At age 15, Sojin immigrated to North America alone, setting up a base in Los Angeles and embarking on a career within the city’s fashion industry. After seven years working in PR and production for big-name brands like American Apparel and Yeezy, she felt the pull of nature, of the simple joys of her childhood. Sojin quit her corporate job and enrolled in beauty school. “I realised my creativity didn’t belong in mass fashion,” she says. “I wanted to do something haptically exploratory with my hands.”
The hands, themselves, mean a lot to Sojin. Her decision to pursue nail art was, in part, due to a lifelong fascination with palmistry, which posits that the hands (rather than, say, the eyes or the face) hold the proverbial key to the soul. Harkening back to the days of ancient nail art — to 3000 B.C. when, she says, manicures were more luxurious and individualised than they are today — Sojin’s work is extremely personal. Each manicure is one-of-a-kind, a thoughtful alchemy of the wearer’s persona into sculptural nail-works, conjured from glass, seashells and even snakeskin.

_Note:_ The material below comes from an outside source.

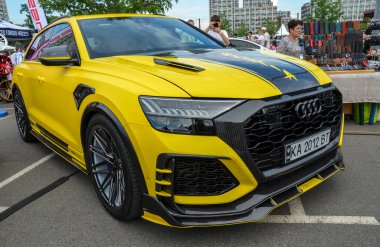Çarpıcı lüks Audi RS Q81 1st General (4MN), güçlü motoru ve agresif stiliyle bilinen yüksek performanslı bir SUV
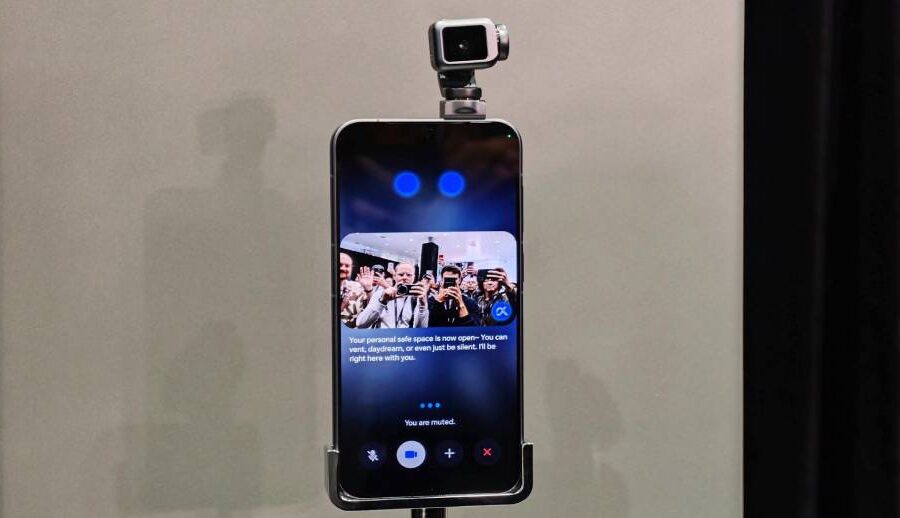 अनरले ल्यायो ‘रोबोट फोन’, प्रतिक्रिया दिन र संगीतको तालमा नाच्न सक्ने दाबी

Sojin’s ancient predecessors inform the form — as much as the purpose — of her work. Five thousand years ago, she says, “[nail artists] were using ingredients from nature: gelatine, gold, egg whites, beeswax, dyes from rose and orchid petals, which, to me, is so poetic and expressive.” Drawing equally from these ancestral techniques and her own experience, Sojin’s work centres nature, reflecting the artist’s awe and curiosity toward the world around her.
During the time she was earning her beautician licence, Sojin was also learning to scuba dive. Her earliest designs were inspired by these underwater explorations: diamanté starfish, watercolour sea slugs, pearlescent appliqués and even the waterdrop nails that would become her signature. Sojin charts the droplet styles back to her childhood, “[they] were first seen in the 90s in Asia, but I was attracted to the organic look of them and practised diligently to make them look as realistic as possible, to the point where the nails simply look wet.”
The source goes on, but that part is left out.